• [GIVEN INFORMATION]:
———
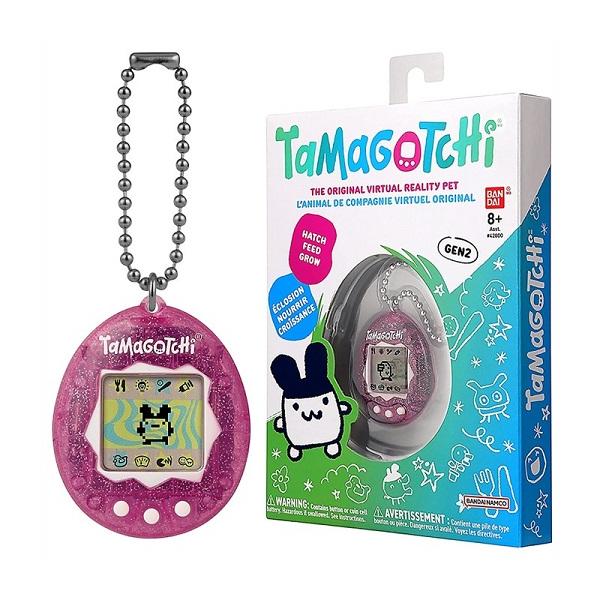オリジナルたまごっちGEN2 　ピンクグリッター　たまごっちTamagotchi たまごっち Original Tamagotchi オリジナルたまごっち ピンク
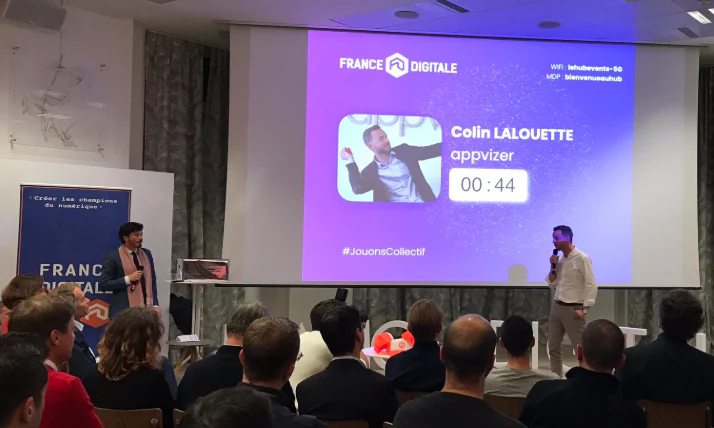 France Digitale : Colin Lalouette candidate au board 2019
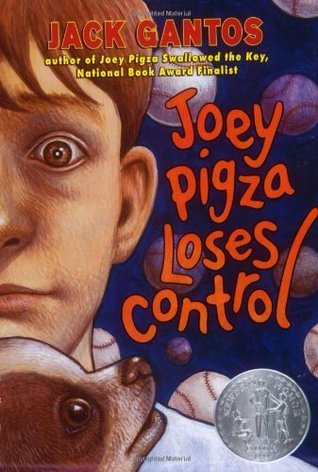 Joey Pigza Loses Control (Joey Pigza #2)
———
• [INSTRUCTIONS TO FOLLOW]: Copy all of the data word for word, and keep the pictures out of it.

• [OUTPUT FOR THIS TASK]:
オリジナルたまごっちGEN2 　ピンクグリッター　たまごっちTamagotchi たまごっち Original Tamagotchi オリジナルたまごっち ピンク
 France Digitale : Colin Lalouette candidate au board 2019
 Joey Pigza Loses Control (Joey Pigza #2)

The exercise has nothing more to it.